[TO DO]:
Once the images are removed, set down everything else in the listing below exactly.

[SUPPLIED DATA]:
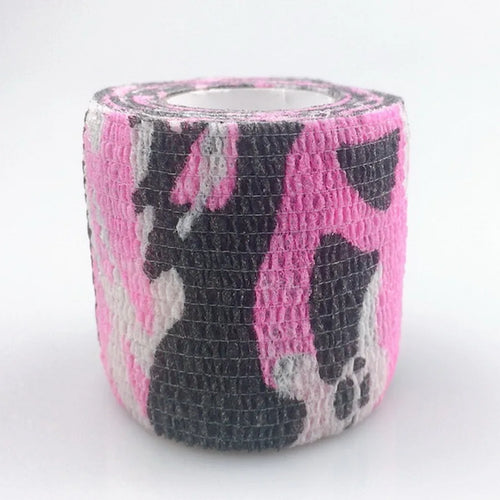 Elastic Bandage Self-adhesive Tape For Finger Wrist Ankle Breathable
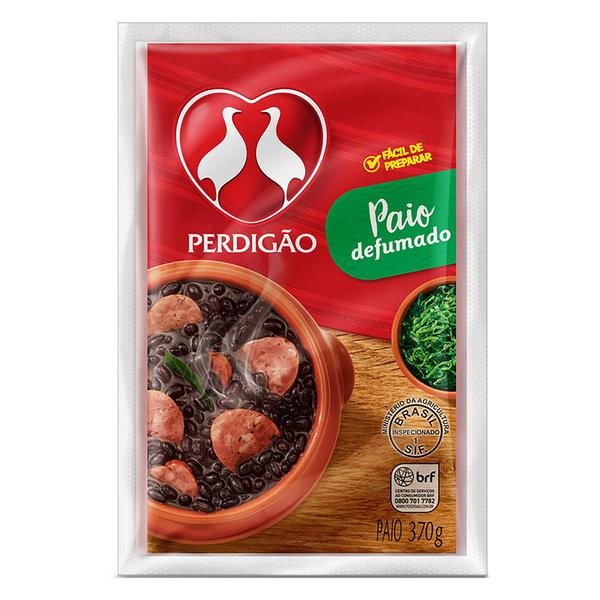 LINGUICA PAIO PERDIGAO 370G 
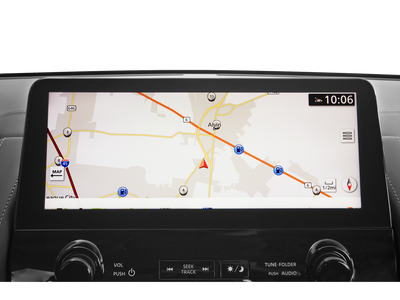 2022 Nissan Armada Platinum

[TASK ANSWER]:
 Elastic Bandage Self-adhesive Tape For Finger Wrist Ankle Breathable
 LINGUICA PAIO PERDIGAO 370G 
 2022 Nissan Armada Platinum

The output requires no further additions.